Ce matin, je marchais en forêt quand j'entendis brusquement ce bruit caractéristique qu'on croit surgir d'un monde imaginaire : les trépidations du bec d'un pic vert contre un tronc d'arbre. C'est un bruit magique. On croirait entendre celui des baguettes d'un batteur de jazz donnant le tempo...
J'ai essayé de m'approcher d'un peu plus près, mais impossible de repérer l'oiseau qui me semblait cependant tout proche. Un autre pic vert au loin donnait l'impression de lui répondre par les mêmes trépidations.
Je venais d'achever quelques heures plus tôt la lecture de cet étrange et poétique roman, La langue du pic vert. J'en étais encore sous le charme. Comment alors ne pas penser à cette phrase qui traverse le récit : « le pic vert enroule sa langue autour de son cerveau pour le protéger contre les trépidations quand il fore les arbres » ? Je me suis encore approché parmi les buissons et les ramures pour tenter d'observer le phénomène, mais une horde de vététistes agités est entrée alors dans le paysage, renvoyant le dialogue des volatiles dans l'envers du décor.
Au commencement il y a donc cette phrase surprenante saisie par Sylvain Breuil, un jeune homme qui avoue qu'il attendait cette révélation depuis dix-huit ans. Il en fait la découverte lors de la visite d'une Maison de la Ligue pour la protection des oiseaux...

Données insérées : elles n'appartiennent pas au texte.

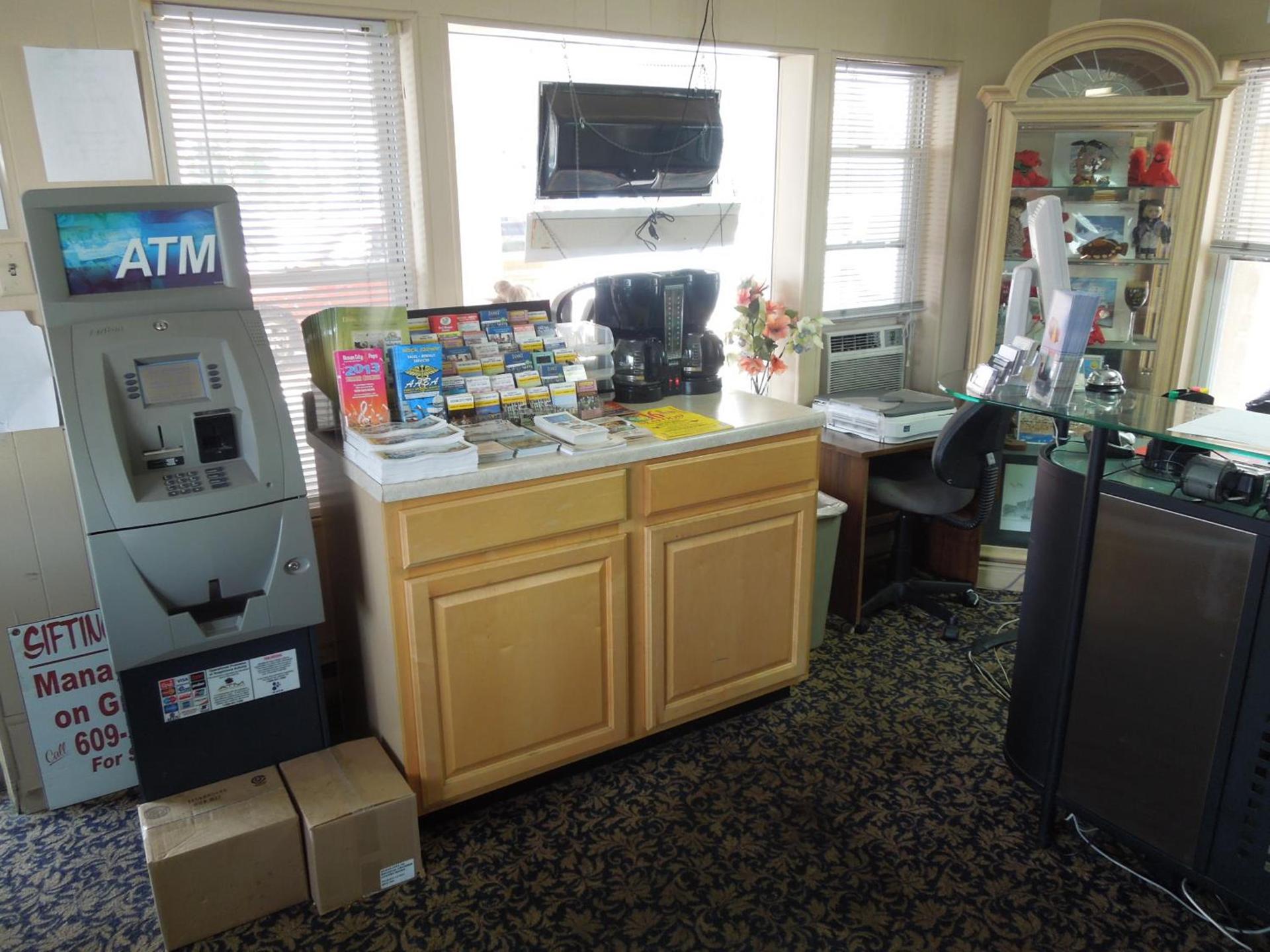 Sifting Sands Motel photo 20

Je me suis alors rappelé avec une délicieuse nostalgie le souvenir de mes vacances de l'été dernier dans les Vosges et le lieu de ces vacances, c'était là aussi un refuge de la Ligue pour la Protection des Oiseaux tenu par une dame passionnée par les oiseaux. Elle recensait notamment une variété de pic, on les entendait dans la forêt toute proche, comme ce matin, comme dans les pages de ce livre qui se transforme subitement en véritable carrousel...
La langue du pic vert est une histoire intrigante, envoûtante, sensible... C'est un livre au voisinage du ciel, à la lisière du fantastique et cela ne nous surprend guère comme les trépidations d'un pic vert savent nous plonger dans la beauté d'un monde irréel.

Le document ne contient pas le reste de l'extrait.